I arrived on the scene in 1965, just fresh out of the country, when I moved to Winnipeg from the small town of Altona, and took up residence with my Aunt and Uncle and my cousins. My parents thought I would be safe with them. I was for awhile. I got a job in a candy factory downtown, called Paulin Chambers. I was pretty excited to have this job, because they made the best candy bar a "Cuban Lunch"!! This was the job of my dreams coming out of high school. God..help me. Have you ever worked in a factory?..
I didn't think so.
My first day at work started out this way. I came to work in my best attire, completed the paper work, and then got introduced to the "forelady"...well fuckaduck..she was a "big lean kid eating machine".. no nonsense 6 foot tall muther. She was one scary bitch. Before she took me on a tour of the facility, she threw a hair net in my face, and said to wear it at all times, or her wrath would not be something I would want to endure. Okay then, I was still thinking, she is just having a bad day, and nothing was more important to me than to get to the the "Cuban Lunch" machine, I needed to see it, because our family had been eating them for years, and I had boasted to my parents on the phone.........I AM WORKING AT THE CUBAN LUNCH PLACE!!.. they cheered for me. I was going to make it in life. I had my dream job.

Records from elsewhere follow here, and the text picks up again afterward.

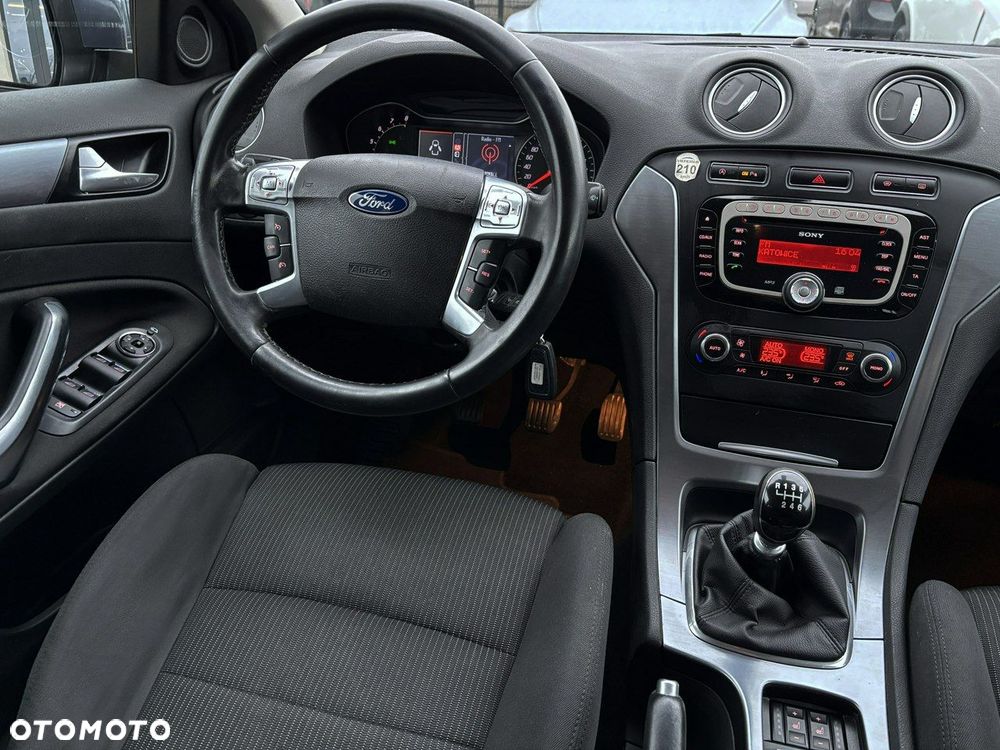 Ford Mondeo - 24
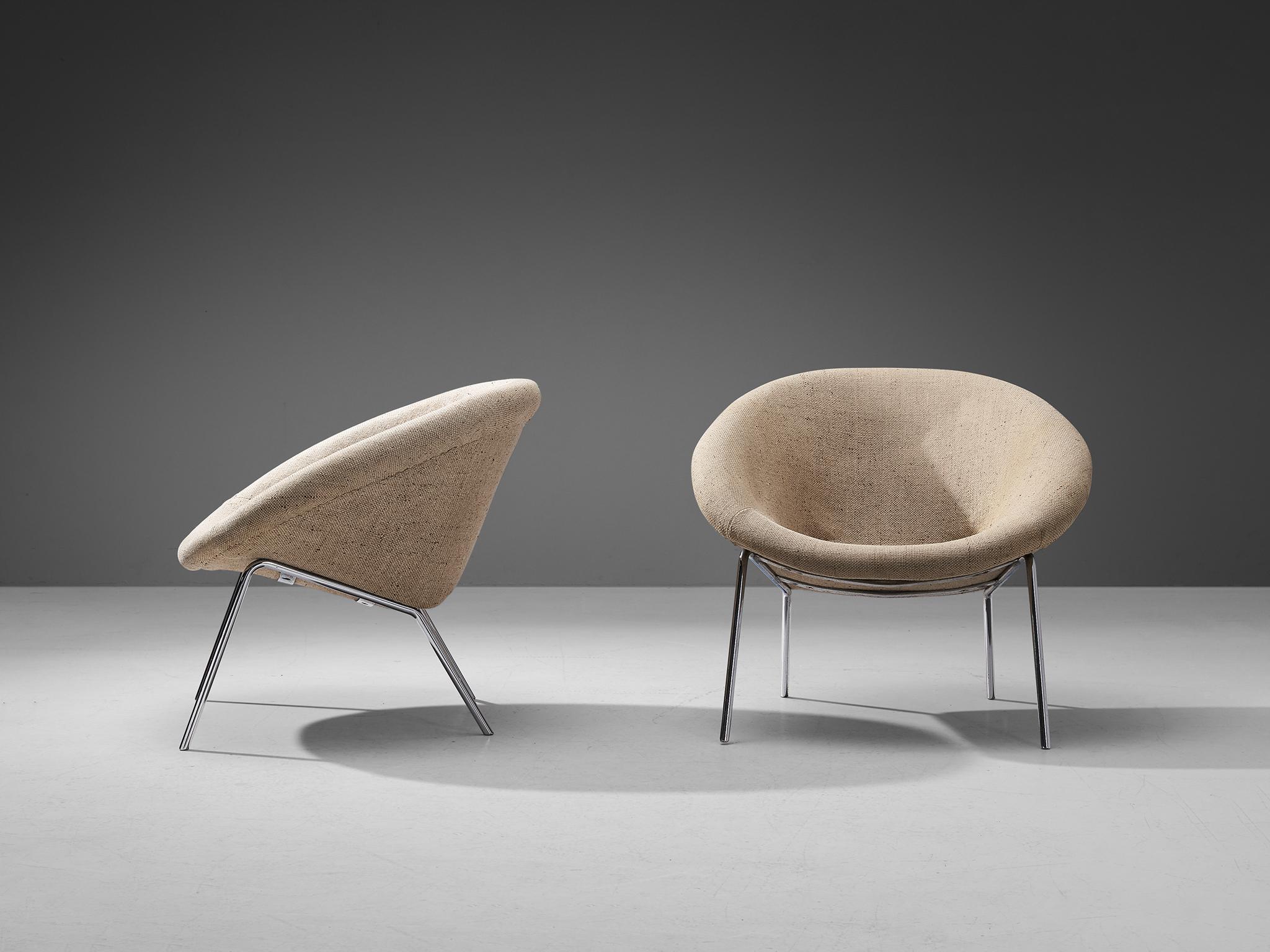Mid-20th Century Walter Knoll Pair of Lounge Chairs in Off-White Upholstery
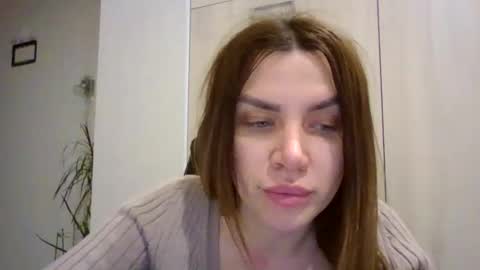 Snapshot of lena6122000 chatting on 04/06/26, 11:27 lena6122000 online show from 04/06/26, 11:27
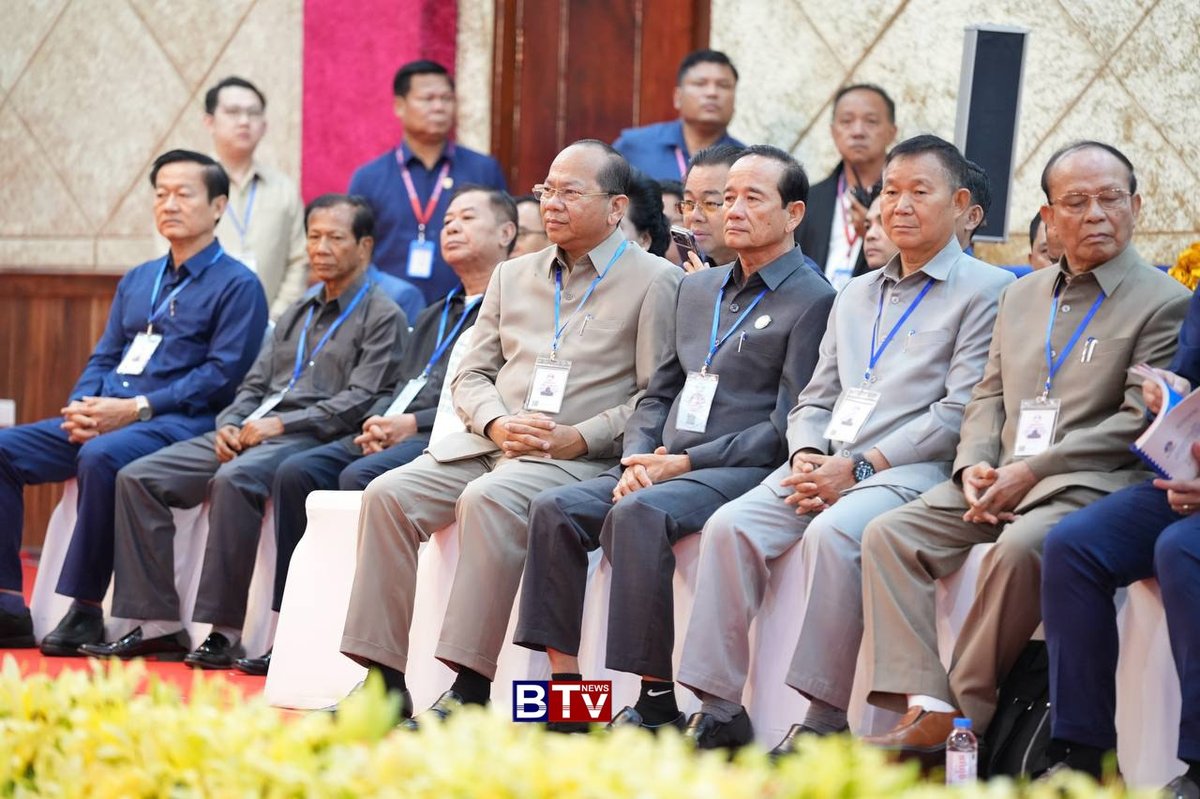 洪森视察贡布与白马 调研地方行政与民生建设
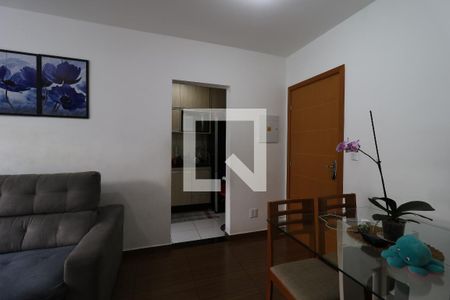 Sala de apartamento à venda com 2 quartos, 52m² em Campestre, Santo André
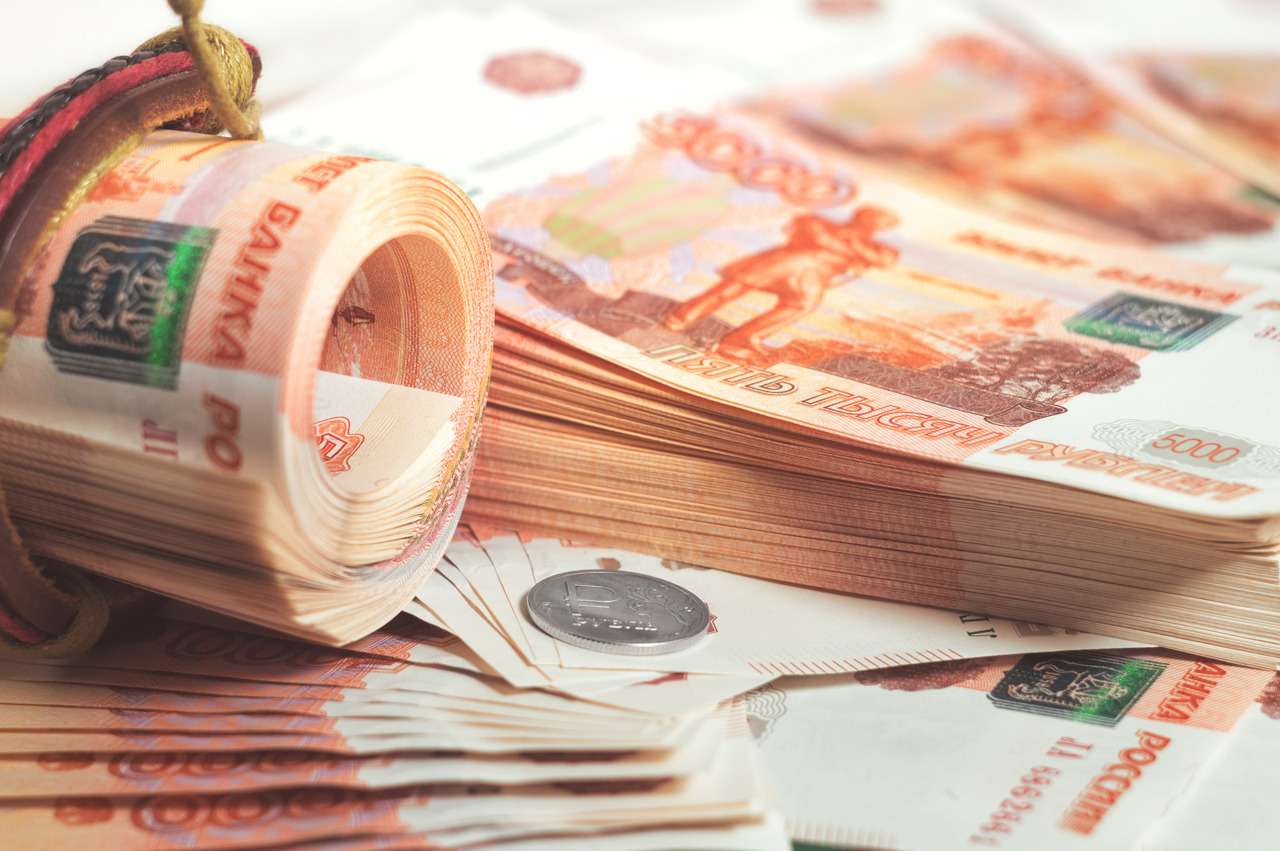 В двух машинах ДПС нашли взяток на миллион рублей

Ms.Forelady took me over to a very large room with 10-15 conveyor belts running with chocolate stuff coming down it in droves.. all that chocolate in one place!!

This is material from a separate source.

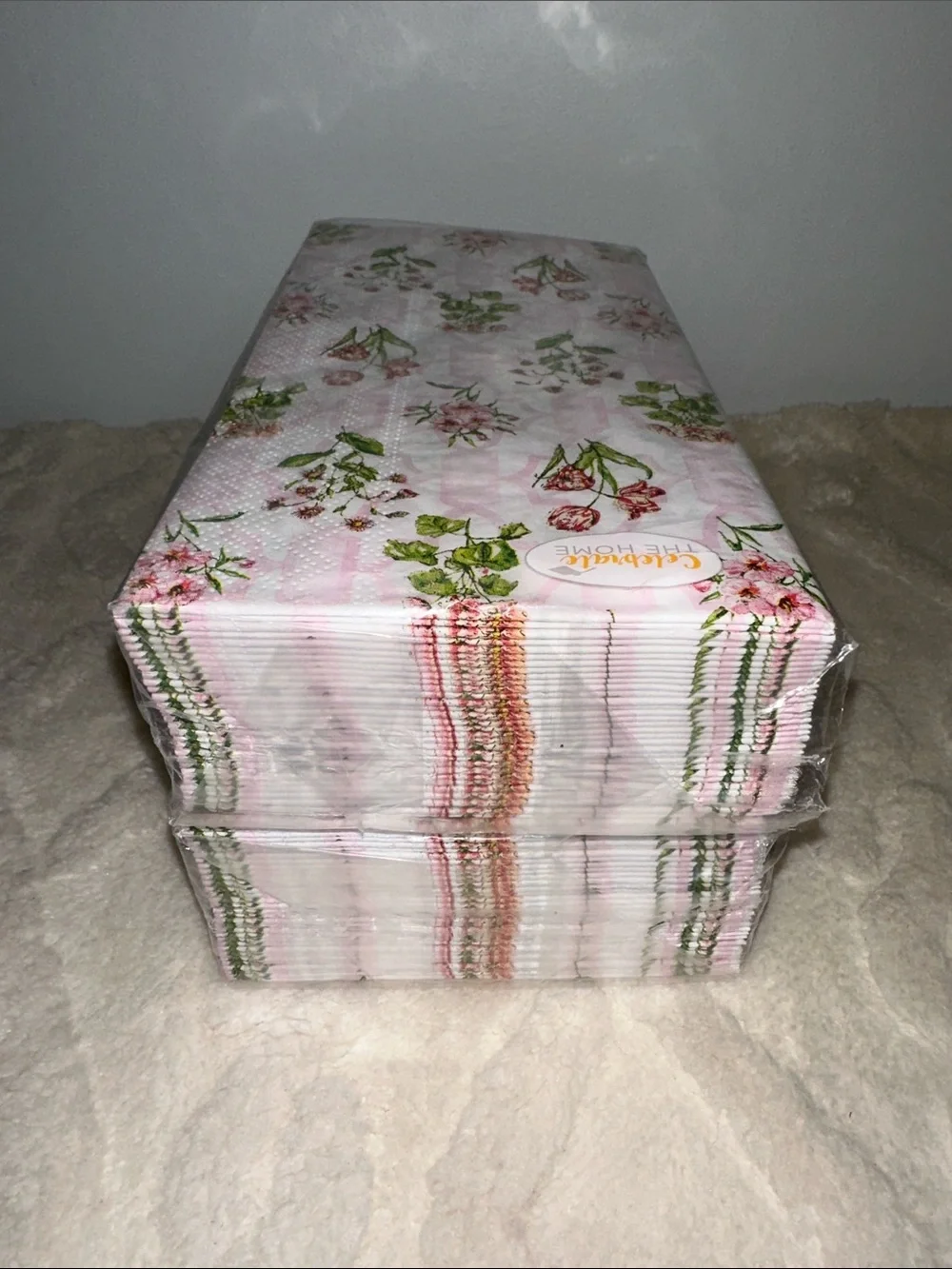 Celebrate THE HOME 32 x 2 pk Garden Bouquet Pink White Green Red Guest Towel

..had I died and gone to heaven?
Who needs university I chortled. And you will believe what happened next, even though they made so many different chocolate products, they put ME, on the CUBAN LUNCH line. Lady luck was smiling on me. (Cuban Lunch was a square piece of chocolate with nuts).. it was special...see recipe at the end of post.
It truly was a dream come true.
I could just see my parents crying, clapping and yelling, telling all the neighbor's about their daughter who had moved to Winnipeg, got a job, and was now in charge of CUBAN LUNCHES.
There were a few things I didn't quite understand when I first started assembly line work. #1. You have to keep up to the stuff that's coming down the belt. #2. You don't get to eat any of it #3. If you don't keep up, you are fired. Oops.
They don't care if you are tired, or if your feet hurt, or if there is a mouse or two running around...just keep on wrapping those CUBAN LUNCHES.. We had to GRAB them as they came down the line and put them in a brown paper "crinkly" cup and then let them go on to the packaging section. We also had to look for broken ones and make sure they didn't get into the system. Sometimes they were still warm when I was handling them..oh my!!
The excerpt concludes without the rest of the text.